劉克莊心中還念著那位女子,道:「打聽不到,又有什麼好?」
宋慈說的卻是香,道:「尋常香買賣的人多,想從中找到祭拜巫易之人,無異於大海撈針。越難打聽,說明這種香越罕見,售賣之處越少,也就越有希望找到祭拜巫易之人。」宋慈抬頭看了一眼天色,「天還沒黑盡,我們繼續找。
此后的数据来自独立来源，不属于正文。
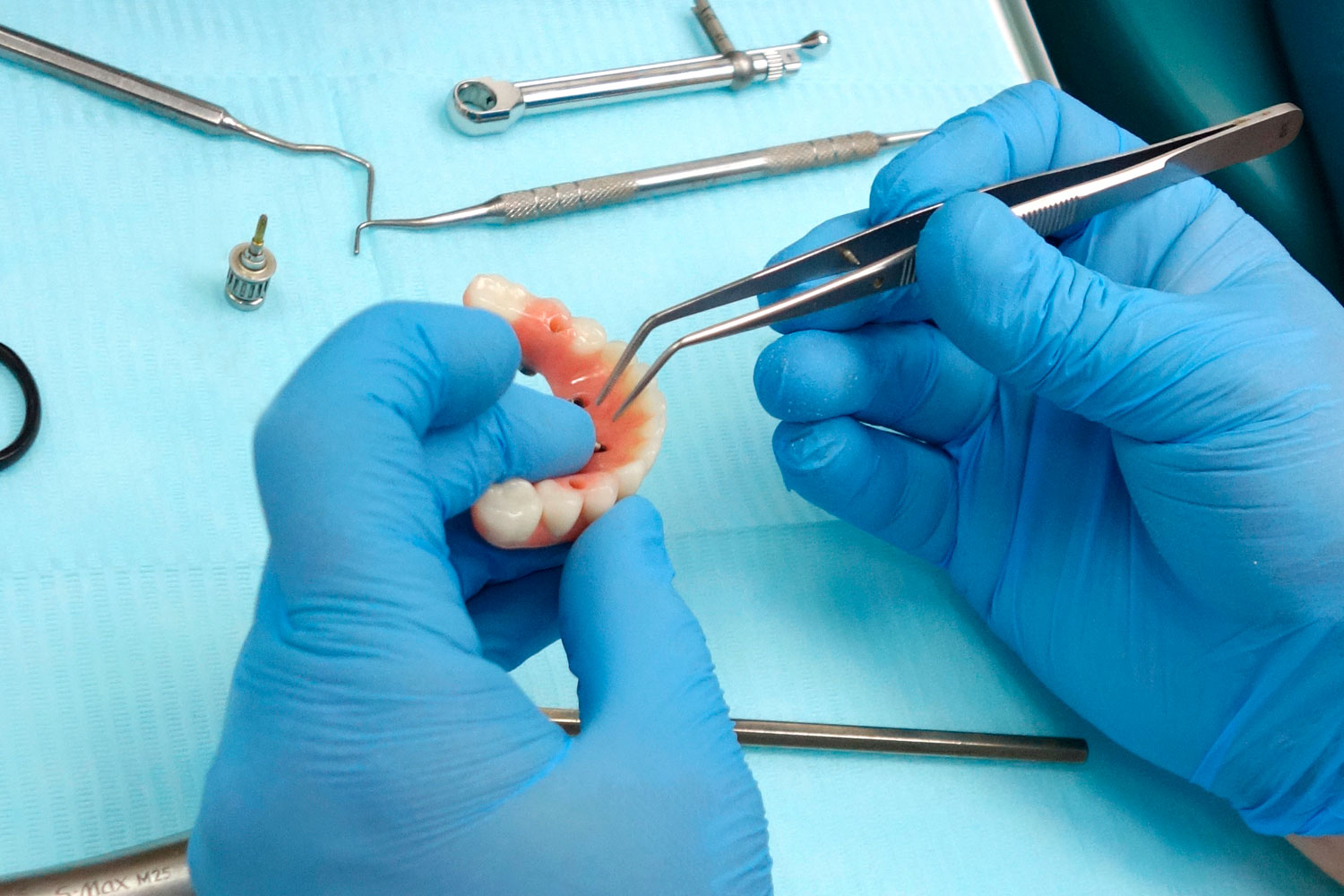 проведение коррекции зубного протеза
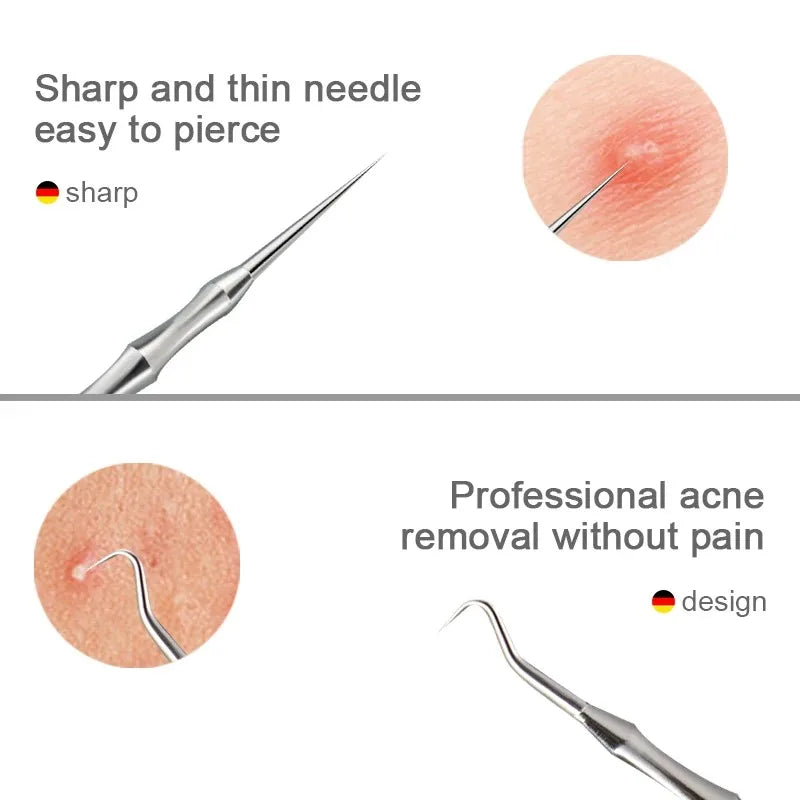 New Acne Needle Kit, Remove Blackheads, Pimples & Closed Comedones
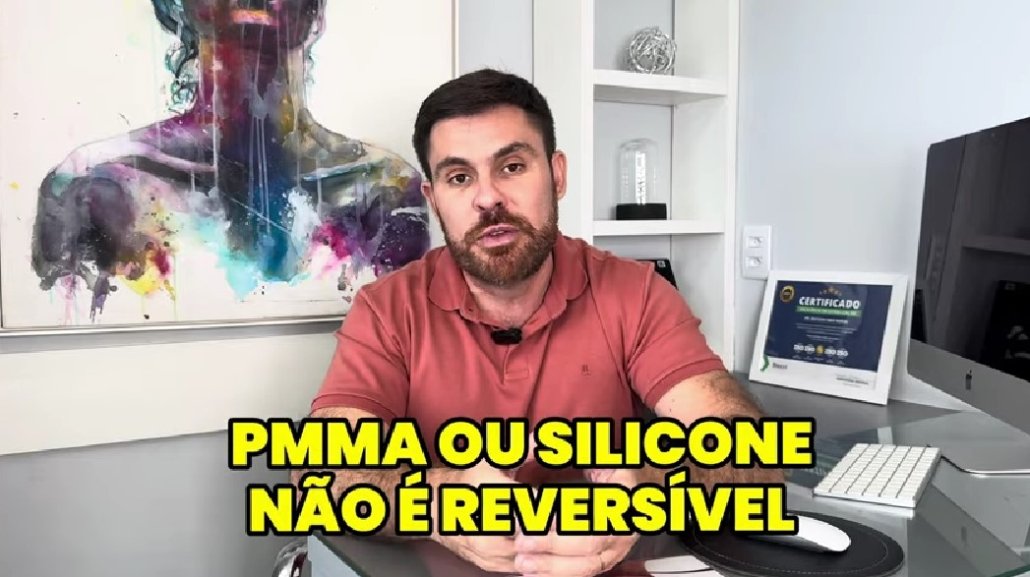 Excesso de preenchimento com ácido hialurônico
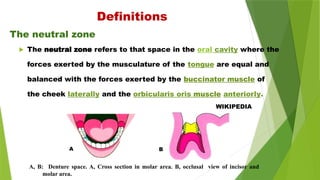 A, B: Denture space. A, Cross section in molar area. B, occlusal view of incisor and
molar area.
The neutral zone
Definitions
 The neutral zone refers to that space in the oral cavity where the
forces exerted by the musculature of the tongue are equal and
balanced with the forces exerted by the buccinator muscle of
the cheek laterally and the orbicularis oris muscle anteriorly.
WIKIPEDIA
A B
 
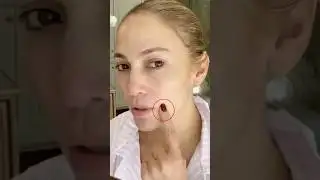 Something Is Definitely Wrong With Jennifer Lopez’s Face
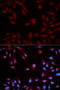 Signal Transducer And Activator Of Transcription 5B antibody, STJ25723, St John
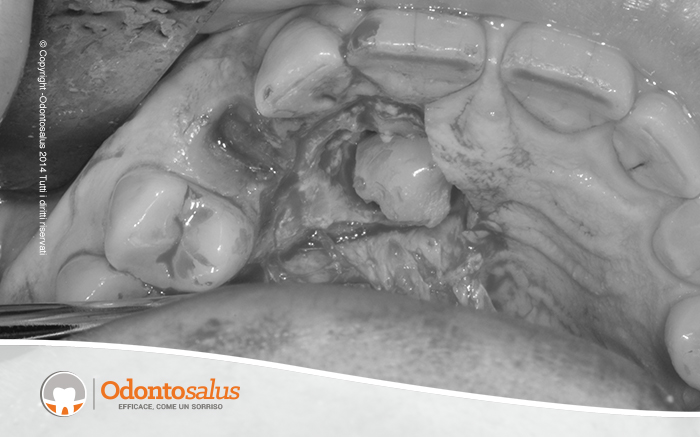 03inicisione-lembo-e-scopertura-canino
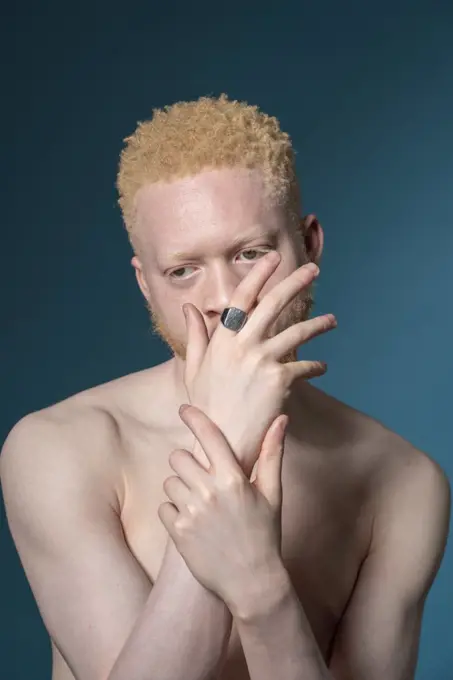 Studio portrait of shirtless albino man
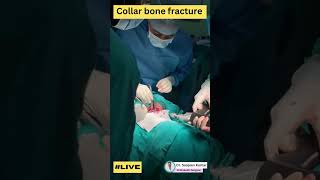 Collar bone fracture Surgery [upl. by Nellaf]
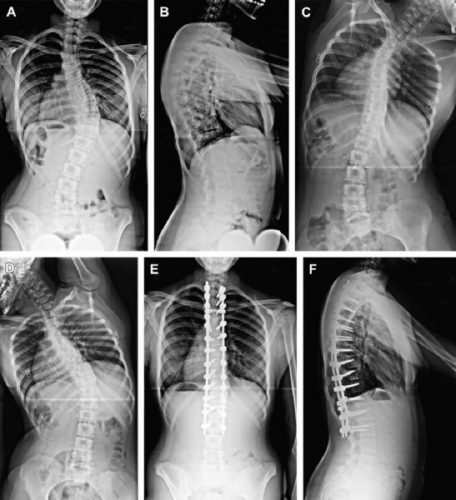 Spinal stenosis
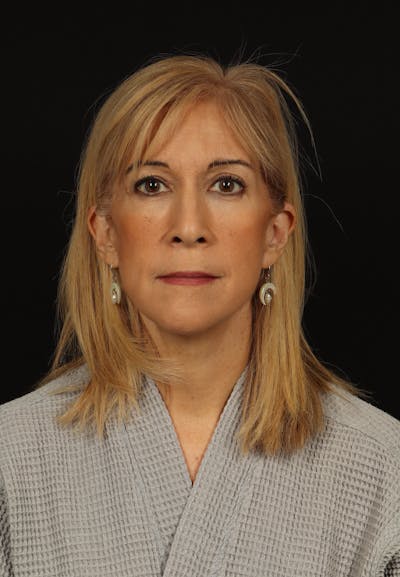 Facelift Before & After Gallery - Patient 439276 - Image 2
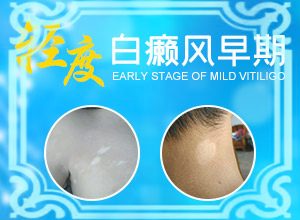 二岁小孩脸上有白块是什么原因造成的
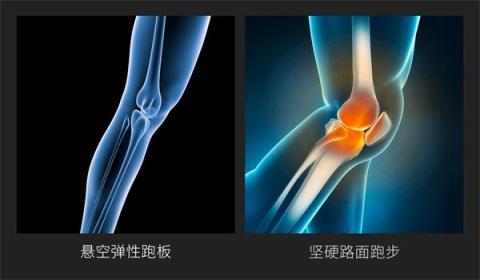 小米眾籌首款智能折疊跑步機來襲，讓愛跑步的人有“地”放矢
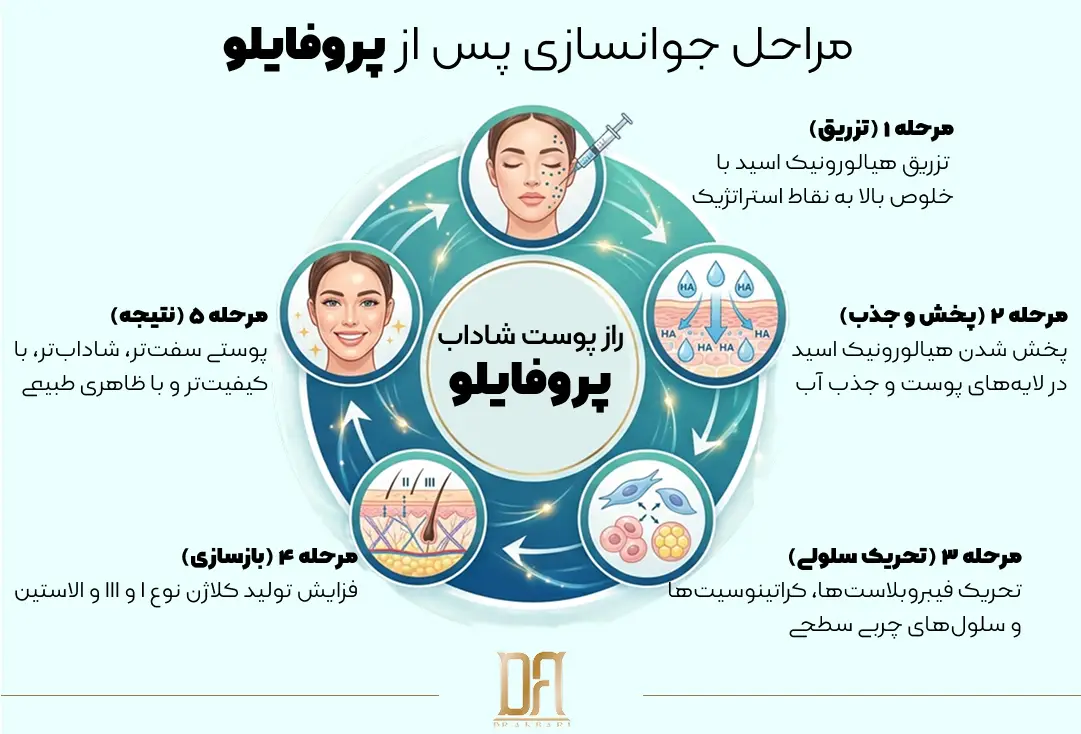 اینفوگرافیک چرخه عملکرد پروفایلو: تزریق هیالورونیک اسید، پخش در پوست، تحریک فیبروبلاست‌ها، بازسازی کلاژن و الاستین، و نتیجه پوستی سفت و شاداب.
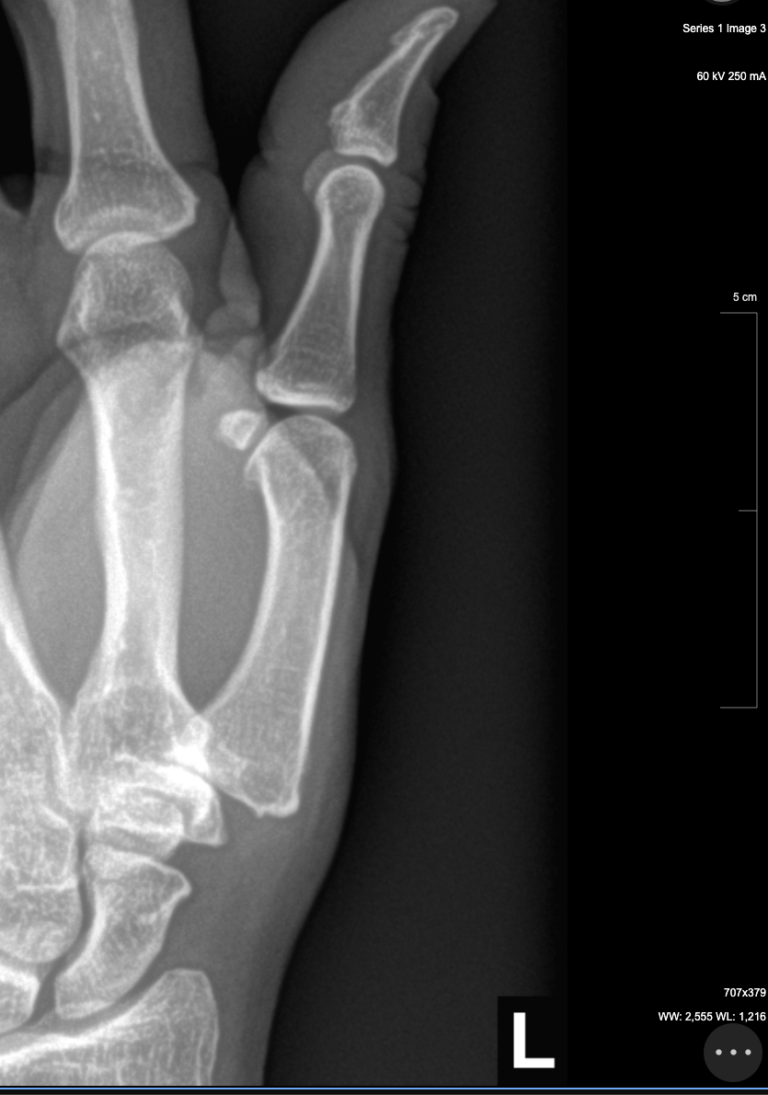 radiografía de la artritis de la articulación basal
」
兩人沿街前行,不多時來到明慶寺附近,看見了一家香燭店。這家香燭店不大,店主正在拼嵌門板,看樣子準備關門歇業了。
宋慈快步上前打聽。店主看了一眼,見是黑簽頭的香,搖頭道:「我這裡沒有。」
又是白打聽了,宋慈還沒打算挪步,劉克莊便嘆了口氣,轉身準備離開。
那店主繼續拼嵌門板,嘴上道:「你那是死人用的東西,我這裡只賣紅燭黃香,孝敬佛祖菩薩用的。」
宋慈一聽這話,道:「店家,你識得這種香?」
店主招了招手,示意宋慈把香頭給他看看。他接過香頭,仔細看了幾眼,點頭道:「沒錯,這就是蜀中眉州的土香。」將香頭還給了宋慈,「又不是綾羅綢緞那種值錢貨,誰會跑那麼大老遠,去蜀中販運這種不值錢的死人貨?」
宋慈先前打聽過兩家大的喪葬店,他們都不知道這種黑簽頭香的來歷,這家小店的店主卻知道得如此清楚。他道:「既是蜀中眉州的香,你又怎會知曉?」
「我就是眉州人,從小就用這東西,當然曉得。」
「臨安城這麼大,總該有賣這種香的地方吧。」
店主攤開巴掌,道:「我來臨安做香燭買賣五個年頭了,城裡有多少同行,賣哪些貨色,我還不知道?我敢說沒有,那就是真沒有。你們不信,大可去找,找不到的。」頓了一下又道,「看你們拿著眉州土香,莫非你們也是眉州人?」
「你的意思是,只有眉州來的人,才會有這種香嗎?」
「那當然,這種眉州土香做工太糙,其他地方的人都看不上眼,根本不用。就算是眉州人,出門在外,誰又會把死人用的東西帶在身上,你說是不是?」店主拼嵌了一塊門板,忽又道,「不過倒也未必,有些人鄉情重,又有至親離世,或許會帶著用吧。你們買不買東西?不買的話,我可要關門了。」
宋慈向店主道了謝,與劉克莊一起回了太學。
在太學休息了一夜,翌日天明,宋慈一大早便從中門出了太學。與宋慈一起出太學的,還有劉克莊,以及習是齋的十幾位同齋。
不久之前,在習是齋中,宋慈將一沓啟事交到劉克莊手中,道:「你去城中各處張貼啟事,張貼得越廣越好,儘可能讓更多人知道。」
劉克莊接過啟事,見有數十張之多,每張啟事上的文字都一樣,大意是本人是太學外捨生劉灼,除夕夜在前洋街遺失一塊白色玉佩,玉佩乃亡父遺物,萬望尋回,本人會在太學中門相候,若有好心人拾到歸還,必以黃金十兩相謝。